PUBLISHED: 09:04 26 October 2010

Redbridge Music School members outside Redbridge Town Hall

Redbridge Music School members outside Redbridge Town Hall

Archant

YOUNGSTERS are waging a battle against the council over threats of cuts to Redbridge Music School.

Hundreds of signatures have been collected since the weekend urging council chiefs not to impose savage savings at the school in Fencepiece Road, Hainault.

They fear drastic cuts as part of savings for the 2011/12 council budget will shut off the music school to a new generation of youngsters and threaten its long-term future.

Member Elizabeth Milne, 16, said: “We know we’re going to get some cuts but we want to make sure we’re not at the top of the list because the music school is very important.”

The teenager, who goes to Mayfield School, Pedley Road, Goodmayes, said: “People who don’t have money would be most affected if they increase fees.”

On Monday, more than 30 music school members were in Ilford Town Centre collecting signatures calling on Redbridge Council – which provides about a third of its funding through a block grant – not to make dramatic cuts to the service.

Edgar Divver, 16, goes to Canon Palmer Catholic High School, Aldborough Road South, Seven Kings.

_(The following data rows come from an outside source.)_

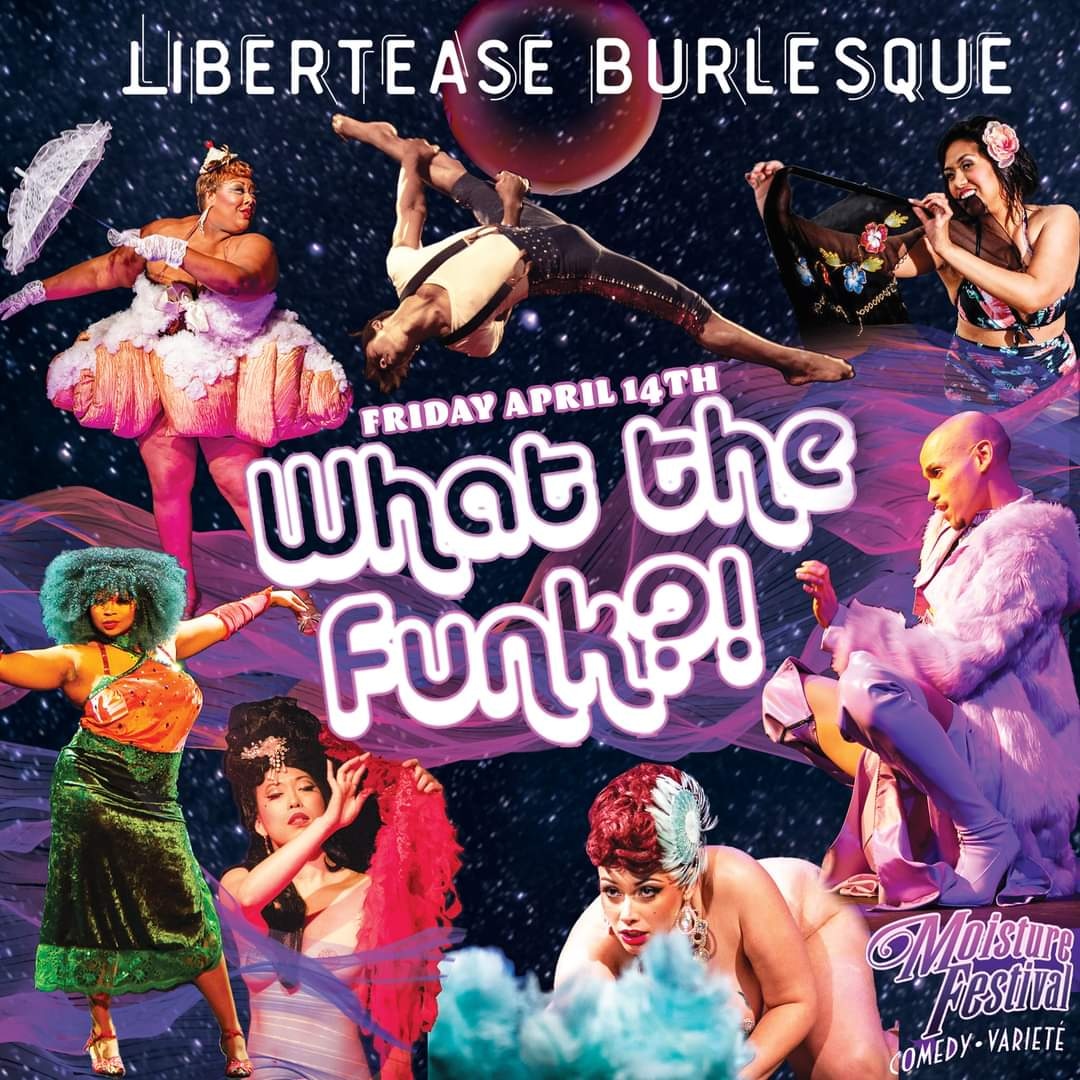 BABIES! We (<a href="/RebeccaMmDavis/">RebeccaMm Davis</a> and @MxPucksAPlenty) are bringing the #FUNK to Moisture Fest this Friday the 14th! 2 shows, click for tickets- The early show is mostly sold out I hear!
#WhattheFunkFest
#MoistureFestival
#BIPOCBURLESQUE 
#HOSTLIFE 
moisturefestival.strangertickets.com/events/1335598…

He said: “More young people would be on the streets if it were not for the music school, as it gives young people something to do in their free time and helps them socially as well.

“Music also enhances academic success.”

Describing Redbridge Music School as a “second home”, 17-year-old Rebecca Gapes said: “It’s like a family at the music school.

“We’re worried that they might cut the choir but that’s where everyone gets together so it’s really important.”

The more than 900 members of the music school perform concerts every year including at venues such as the Royal Albert Hall.

A group on social networking website Facebook called Save Music School has been set up, with 400 people already joining the cause to halt possible cuts, which members say will impact on its orchestras and bands as well as its work in schools across the borough.